Current technology innovations have effectively multiplied the domestic gas-resource base by a growing (and not yet final) factor, best practices are still evolving, and companies have not yet had the time to apply new technology to all existing resources. Even with the current multiplication factor, the U.S. gas base can support greater uses than just being a fuel source for peak electrical power, some residential and commercial heating and declining industrial applications. Increased use for baseload power generation and direct use as a transportation fuel are obvious opportunities.

For example, if a company believes abundant gas will mean that gas power plants will become more economic than coal, then why not own some of those assets and change the way they operate?
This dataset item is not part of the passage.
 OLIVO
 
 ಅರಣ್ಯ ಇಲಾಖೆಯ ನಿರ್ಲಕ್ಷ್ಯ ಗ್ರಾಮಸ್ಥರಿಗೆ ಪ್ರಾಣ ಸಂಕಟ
Or, many oil companies own or have access to large branded retail-transportation-fuel outlets. Why not strike a deal with auto manufacturers, who have already developed the technology to make switchable vehicles in other markets, such as Brazil?

It seems the E&P industry has discovered something about resource availability that related industries do not yet fully comprehend. What would abundant gas across North America at $5 per MMBtu until at least 2050 mean for industries like chemicals, electric power generation, and transportation?

Rethinking Value

Given these new market conditions, it is reasonable to believe that, absent crippling regulations and excluding leasing costs, the U.S. can maintain gas production levels at current real costs for several decades to come. Communicating this new reality to related industries and other stakeholders will revolutionize how North American natural gas is viewed and used, and will define winners and losers.

Al Escher leads and Kathryn Hite is a consultant with Schlumberger Business Consulting in North and South America.